PROBLEM DETAILS:
Please print every record below exactly as it appears, but leave out the pictures.
DATA FOR ANALYSIS START
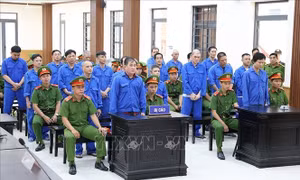 Võ Hoàng Hiếu và đồng phạm lĩnh án tù về tội 'Tổ chức đánh bạc'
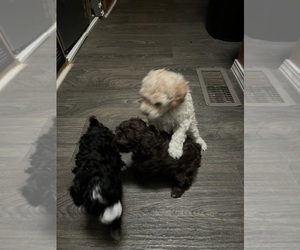 Poodle (Toy) Puppy for sale in MC HENRY, MS, USA
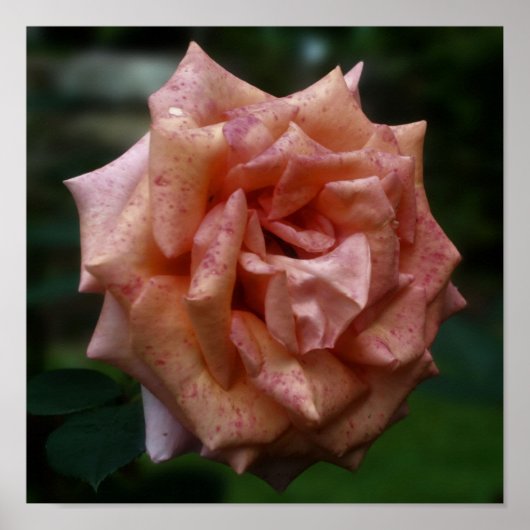 Poster Rose de pêche en mosaïque vers le haut (Devant)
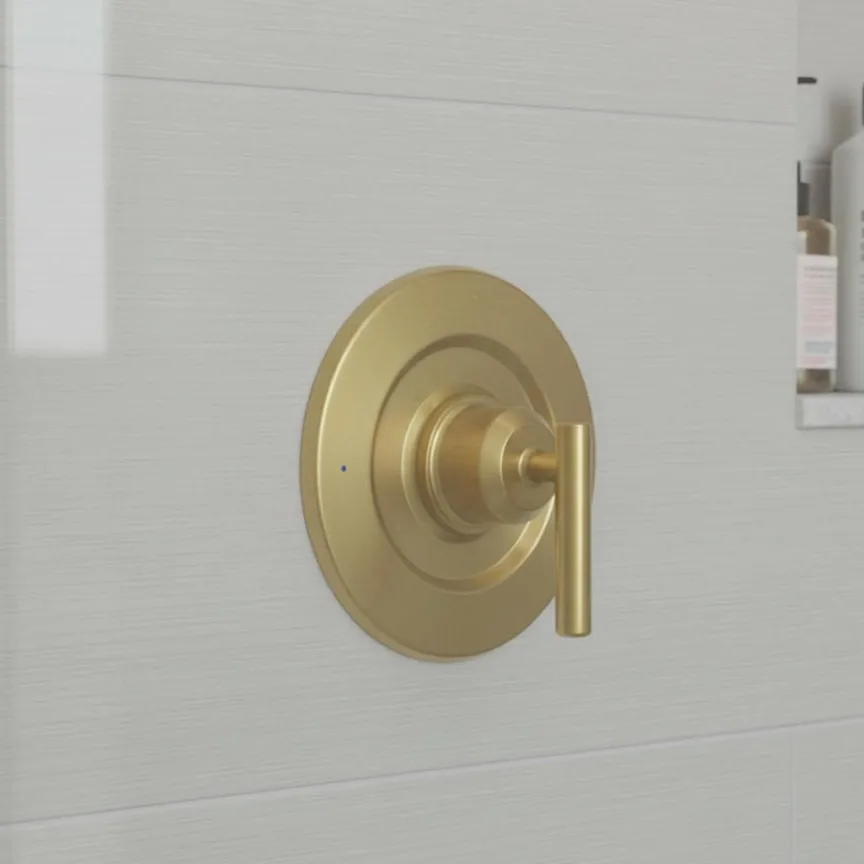 Single Handle Shower Trim Kit, Shower Faucet Decorative Cover & Handle Replacement Accessories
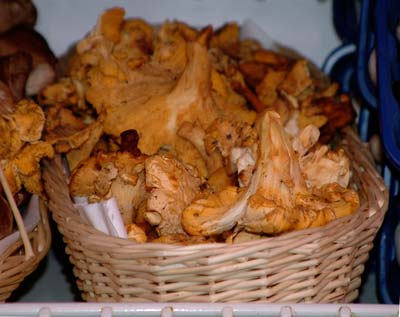 chanterelle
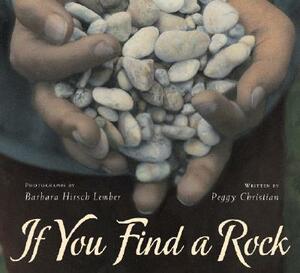 If You Find a Rock by Peggy Christian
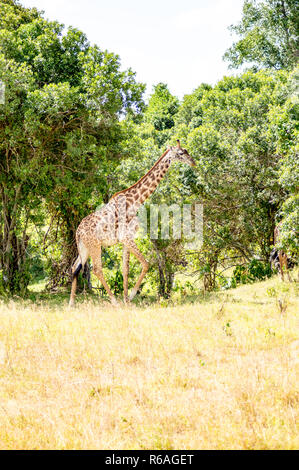 Isolierte Giraffe in der Nähe von Acacia im Park von Mara Kenia Stockfoto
DATA FOR ANALYSIS END
RESULT OF THIS EXERCISE:
 Võ Hoàng Hiếu và đồng phạm lĩnh án tù về tội 'Tổ chức đánh bạc'
 Poodle (Toy) Puppy for sale in MC HENRY, MS, USA
 Poster Rose de pêche en mosaïque vers le haut (Devant)
 Single Handle Shower Trim Kit, Shower Faucet Decorative Cover & Handle Replacement Accessories
 chanterelle
 If You Find a Rock by Peggy Christian
 Isolierte Giraffe in der Nähe von Acacia im Park von Mara Kenia Stockfoto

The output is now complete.